BookmarkSubscribeRSS Feed
🔒 This topic is solved and locked. Need further help from the community? Please sign in and ask a new question.
Achieng
Quartz | Level 8

Dear All, 

Thank you very much for all the help I have been getting. I am grateful.

I am new SAS user.

My problem...

 

I am trying to merge 4 sets of data.

 

PROC IMPORT OUT= DATA_2005
DATAFILE= "C:\Users\NWUUser\Documents\DOCTORAL WORK\2017 and beyond\2nd PUBLICATION\DATA FOR PAPER 2\Fa_data.sav"
DBMS=SPSS REPLACE;
RUN;

PROC IMPORT OUT= PLASMAFA_2015
DATAFILE= "C:\Users\NWUUser\Documents\DOCTORAL WORK\2017 and beyond\2nd PUBLICATION\DATA FOR PAPER 2\PLASMAFA_2015PURE.sav"
DBMS=SPSS REPLACE;
RUN;


PROC IMPORT OUT= ANTHRO_2015
DATAFILE= "C:\Users\NWUUser\Documents\DOCTORAL WORK\2017 and beyond\2nd PUBLICATION\DATA FOR PAPER 2\ANTHRO2015.sav"
DBMS=SPSS REPLACE;
RUN;

PROC IMPORT OUT= INSULIN_2015
DATAFILE= "C:\Users\NWUUser\Documents\DOCTORAL WORK\2017 and beyond\2nd PUBLICATION\DATA FOR PAPER 2\PURE2015_e411Insulin.sav"
DBMS=SPSS REPLACE;
RUN;

 

I have successfully imported the data.

 

data DATA_2005;set DATA_2005;
fa_data=1;
run;


data PLASMAFA_2015;set PLASMAFA_2015;
PLASMAFA_2015PURE=1;
format _all_;
run;

data ANTHRO_2015;set ANTHRO_2015;
ANTHRO2015=1;
format _all_;
run;

data INSULIN_2015;set INSULIN_2015;
PURE2015_e411Insulin=1;
format _all_;

And successfully created variable for merging 

 

The problem comes when sorting the data.\

When I run the sort data 

 

proc sort data=DATA_2005;
by id2005;
run;quit;

proc sort data=PLASMAFA_2015;
by id2005;
run;quit;

proc sort data=ANTHRO_2015;
by id2005;
run;quit;

proc sort data=INSULIN_2015;
by id2005;
run;quit;

 

 The ANTHRO_2015 variables gets deleted and so there are no variables. There are no duplicates.

 

I am able to merge all the data, but the last data set does not have the ANTHRO_variables.

 

Please help.

 

I am working with longitudinal data,

 

Worried PhD student 

Alice Ojwang 

South Africa 

 

 

 

1 ACCEPTED SOLUTION

Accepted Solutions
RW9
Diamond | Level 26 RW9
Diamond | Level 26
%data2datastep (Anthrotrial_2015, work, c:\temp.txt, 2);

You may want to run through some basics of SAS programming before going further. 
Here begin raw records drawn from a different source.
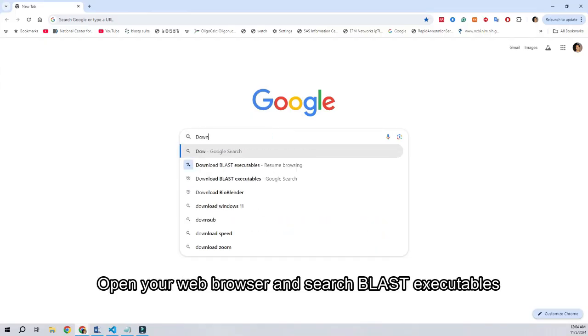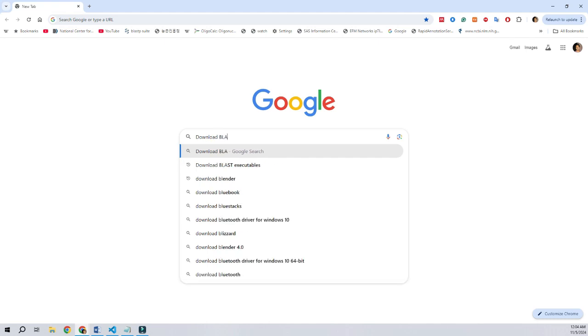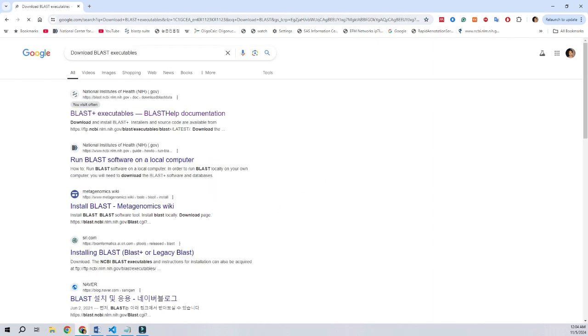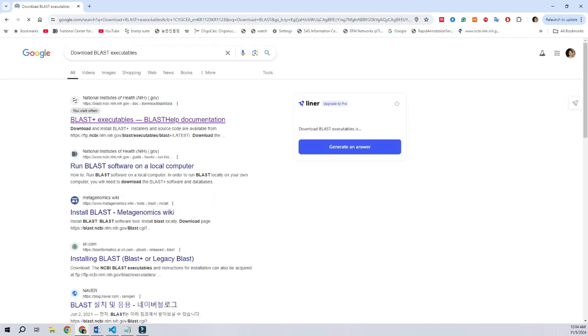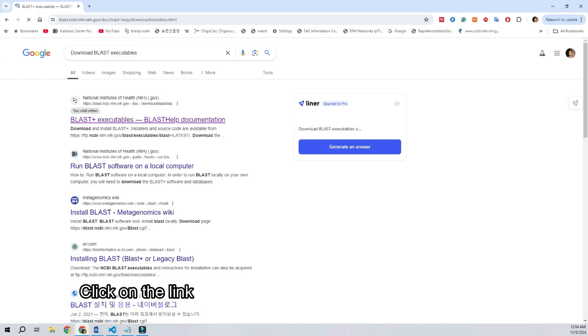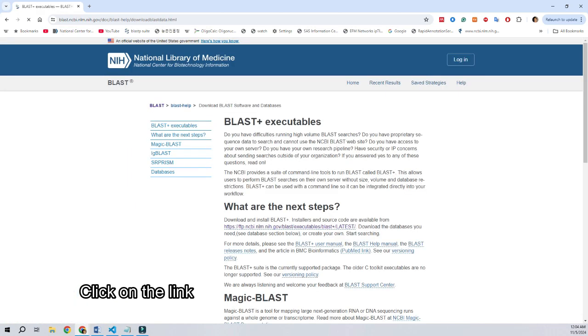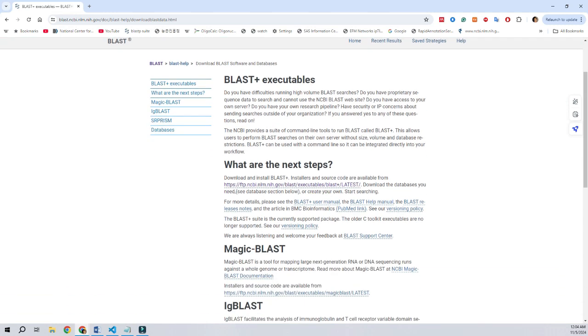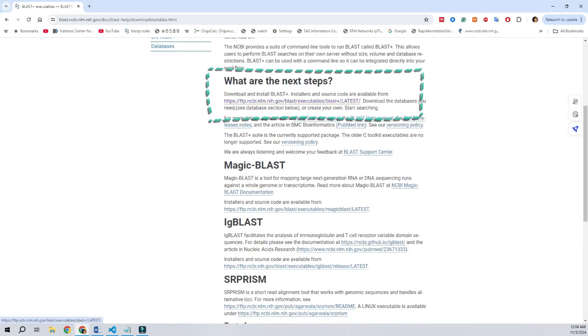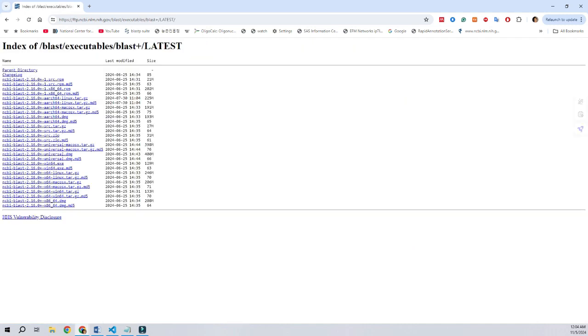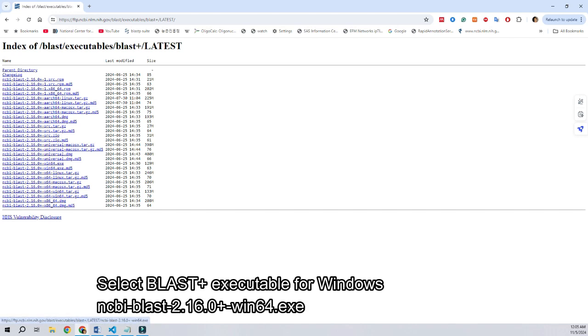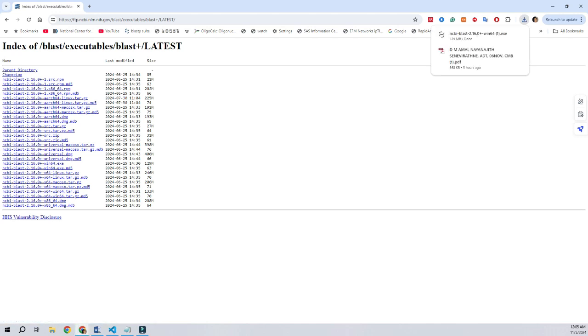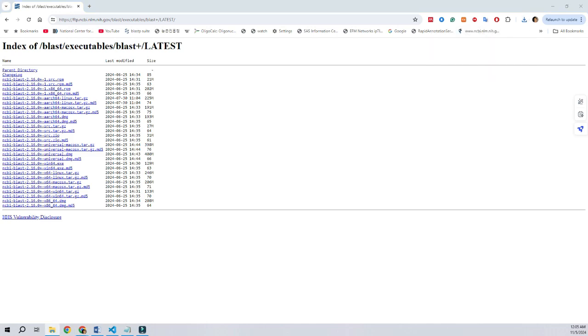Now, open your browser and search for BLAST download. Click on the link and get into the archives of BLAST executables designed for various operating systems and installation platforms. Here, I will select the BLAST executable suitable for Windows operating system. After the download is completed, just install it by following the instructions.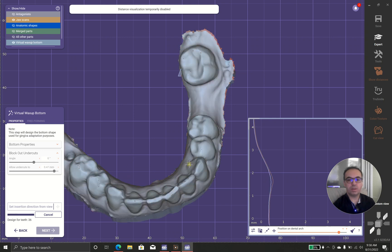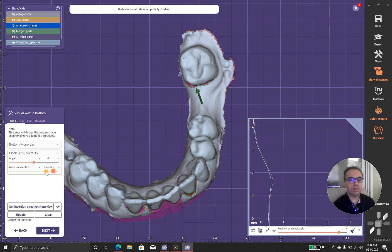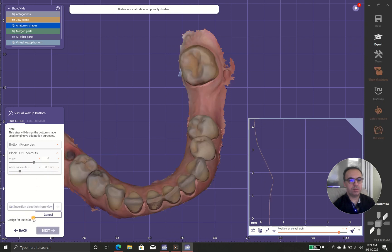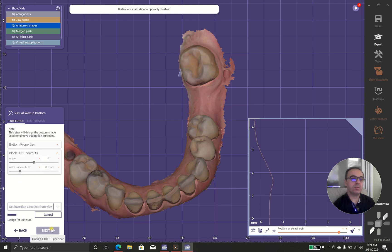So I prefer 0.1 and the angle 0 and update. It depends on your needs.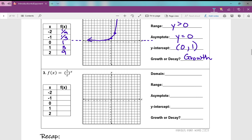Let's look at our last example: f of x equals 1 half to the power of x. What's different? This b value is less than 1. So automatically, is this going to be growth or decay? It's going to be decay. When I plug in negative 2 for x, I get 4. When I plug in negative 1, I get 2 for y. When I plug in 0, anything to the power of 0 is 1 — that's the key point on my graph. When I plug in 1 for x, I get 1 half. And when I plug in 2, I get 1 fourth. It's like it's flip-flopped.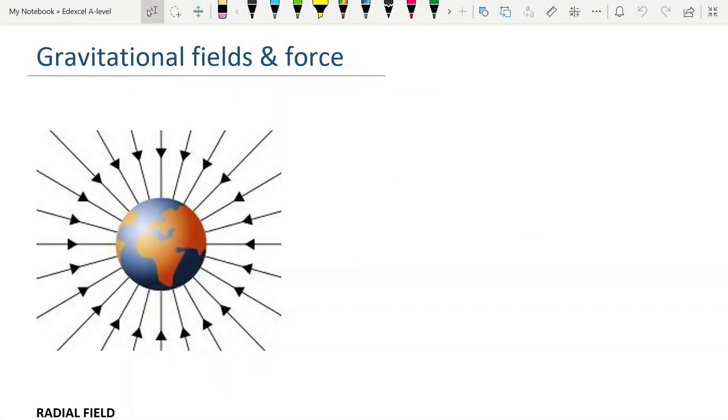Today's video is about gravitational fields and gravitational force. The first thing we need to do is look at the representation of gravitational field.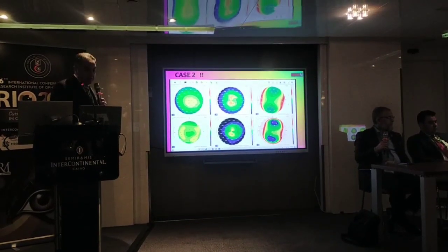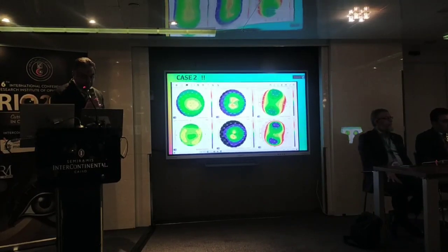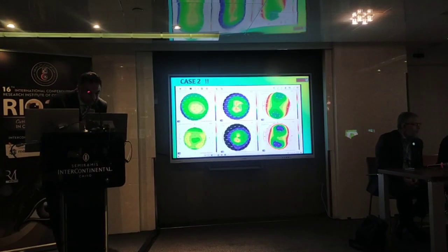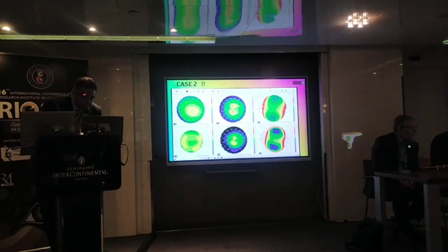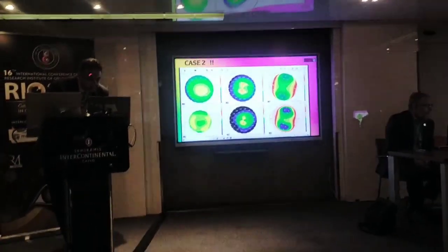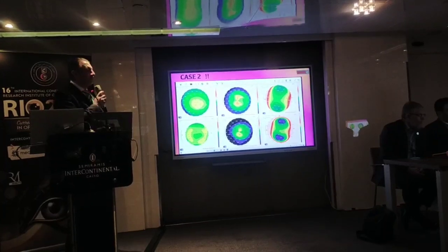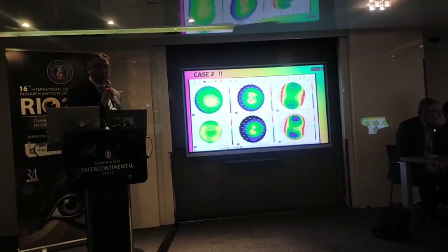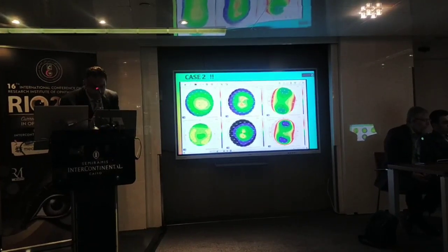Here is another case — a patient with inferior steepening. The superior-inferior point difference is 2.2, which is highly significant, especially in the central part of the cornea, and this could be highly suspicious for keratoconus.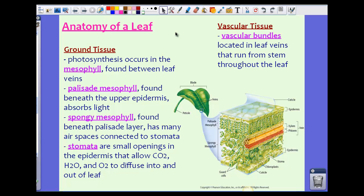We also have ground tissue within the leaf, and there are several parts. We'll start with the mesophyll. Photosynthesis occurs in the mesophyll, which is found between leaf veins — basically everything within the epidermis, from epidermis to epidermis. We have two types of mesophyll: the palisade mesophyll, found beneath the upper epidermis, which absorbs light; and the spongy mesophyll, found beneath the palisade layer.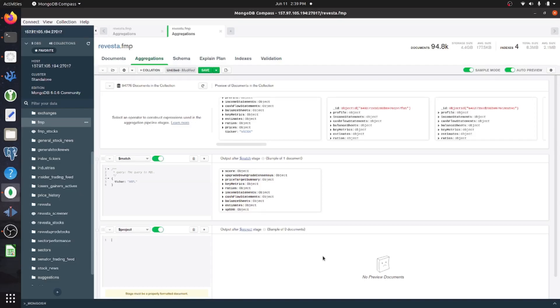Hey y'all. In this video, I'm going to be talking about views in MongoDB and how you can create them.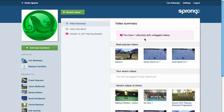Hi, this is John and I'll be showing you how video comparisons and overlays work on Sprongo. We'll use skiing as an example.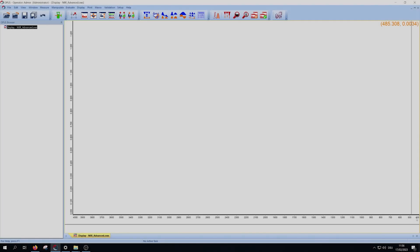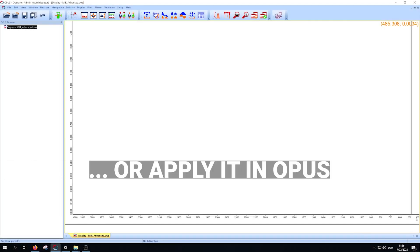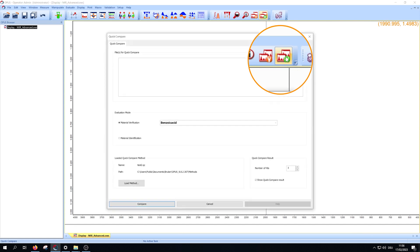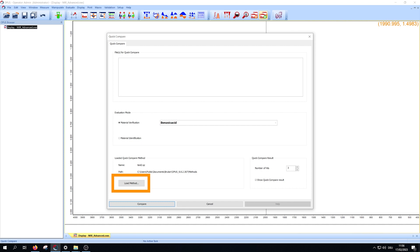First, start the quick compare workflow in Opus by clicking this icon. In the lower left part of the window, you can load a method if you want to change.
As for your issue, its because you have variables which are the same name across the datasets, you can only have one in the output dataset so SAS takes the first one. 

View solution in original post

17 REPLIES 17
RW9
Diamond | Level 26 RW9
Diamond | Level 26

Firstly, avoid coding in upcase, or mixed, it makes code hard to read.  Also you can post code using the code window - {i} above post, this retains formatting so indentations show correctly.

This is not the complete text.